21. Conversion to Other Data Formats

  • to_json_records(): This api converts each row into a json object of a map. Each row in the output will be a json string.
  • to_csv(): This api converts the TSV into simple CSV format file, which means commas(,) and double quotes as special characters are not supported within the fields.
  • to_df(): This api converts the TSV object into a pandas dataframe.
  • to_maps(): This api converts each row into a map and returns a list of those maps.

Examples

Convert each record into json

>>> x.to_json_records().show(3, max_col_width = 200)

json
{"sepal_length": "5.1", "sepal_width": "3.5", "petal_length": "1.4", "petal_width": "0.2", "class": "Iris-setosa"}
{"sepal_length": "4.9", "sepal_width": "3.0", "petal_length": "1.4", "petal_width": "0.2", "class": "Iris-setosa"}
{"sepal_length": "4.7", "sepal_width": "3.2", "petal_length": "1.3", "petal_width": "0.2", "class": "Iris-setosa"}

22. Getting Column Values as Arrays

  • col_as_array(col): This api returns all the values of the given col as a string array.
  • col_as_array_uniq(col): This api all the unique values of the given col as a string array.
  • col_as_float_array(col): This api returns all the values of the given col as float array.
  • col_as_int_array(col): This api returns all the values of the given col as int array.

Examples

>>> x.col_as_array_uniq("class")

['Iris-setosa', 'Iris-versicolor', 'Iris-virginica']

>>> x.col_as_float_array("petal_length")[0:4]

[1.4, 1.4, 1.3, 1.5]

23. Appending Rows and Columns

  • add_row(row_fields): This api adds all the values in the row_fields as column values in the given order to the current TSV.
  • add_map_as_row(mp, default_val): This api takes all the key values in map mp as column names and values and add to the current TSV. If any column is missing, then default_val is used to take the default value if it is defined, else throw error.
  • add_const(col, value): This api adds a new column col with the given value.
  • add_const_if_missing(): This api adds a new column col with the given value only if the column is not present already.
  • add_seq_num(col): This api assigns a unique sequence number to each row with the name col.
  • replicate_rows(col): This api reads the value of column col, and replicates each row according to the value of the given column.

Examples

>>> x.add_seq_num("sno").show(3)

sno	sepal_length	sepal_width	petal_length	petal_width	class      
1  	         5.1	        3.5	         1.4	        0.2	Iris-setosa
2  	         4.9	        3.0	         1.4	        0.2	Iris-setosa
3  	         4.7	        3.2	         1.3	        0.2	Iris-setosa

24. Static Data Transformations

  • assign_value(col, value): This api assigns a constant value to an existing column.
  • copy(col, new_col): This api copies the column col to new_col.
  • set_missing_values(cols, default_val): This api sets the value of each column specific in cols as default_val wherever its value is empty.

Examples

>>> x.assign_value("petal_length", "1.0").show(3)

sepal_length	sepal_width	petal_length	petal_width	class      
5.1         	        3.5	         1.0	        0.2	Iris-setosa
4.9         	        3.0	         1.0	        0.2	Iris-setosa
4.7         	        3.2	         1.0	        0.2	Iris-setosa

C. Visualization, Statistics and Machine Learning

Any functionality that needs extensive 3rd party libraries like matplotlib, seaborn or scikit as provided as extension packages.
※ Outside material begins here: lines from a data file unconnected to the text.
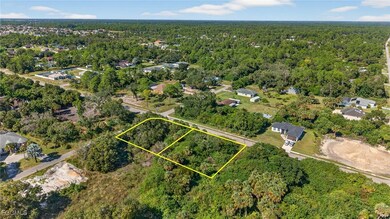 View of property location with property parcel outlined and a heavily wooded area
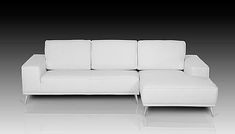 a white leather couch sitting on top of a white floor next to a black wall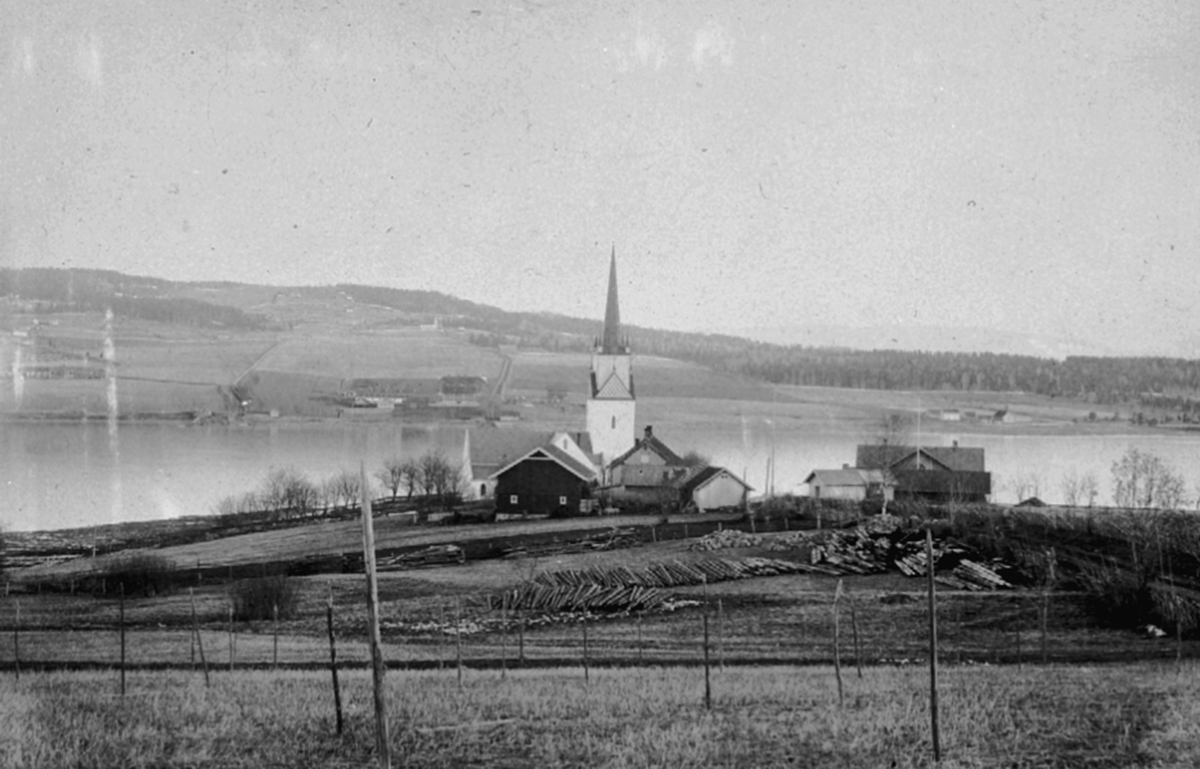 Landskap på Tingnes, Nes, Hedmark. Nes Kirke, Stenersens skysstasjon. Helgøya i bakgrunnen. Tømmerlunne.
Not all extension packages might be relevant for all users, and please refer to the documentation section of individual packages for further details. Here are some basic explained for visualization.

1. Basic Plots

These plots are best described in the [example-notebooks/graphs].

  • linechart
  • scatterplot
  • histogram
  • density
  • barchart
  • boxplot

2. Advanced Plots

  • corr_heatmap
  • pairplot

3. Statistics and Machine Learning

This is work in progress.

D. Enable / Disable Debug Messages

There are certain flags that enable or disable internal log messages. These are meant for advanced users only.

  • tsv.enable_debug_mode(): Enables debug mode.
  • tsv.disable_debug_mode(): Disables debug mode.
  • tsv.set_report_progress_perc(perc): Displays a progress bar when the operations are finished in multiples of perc.
  • tsv.set_report_progress_min_thresh(thresh): Sets the debugging only on operations where number of rows is more than thresh.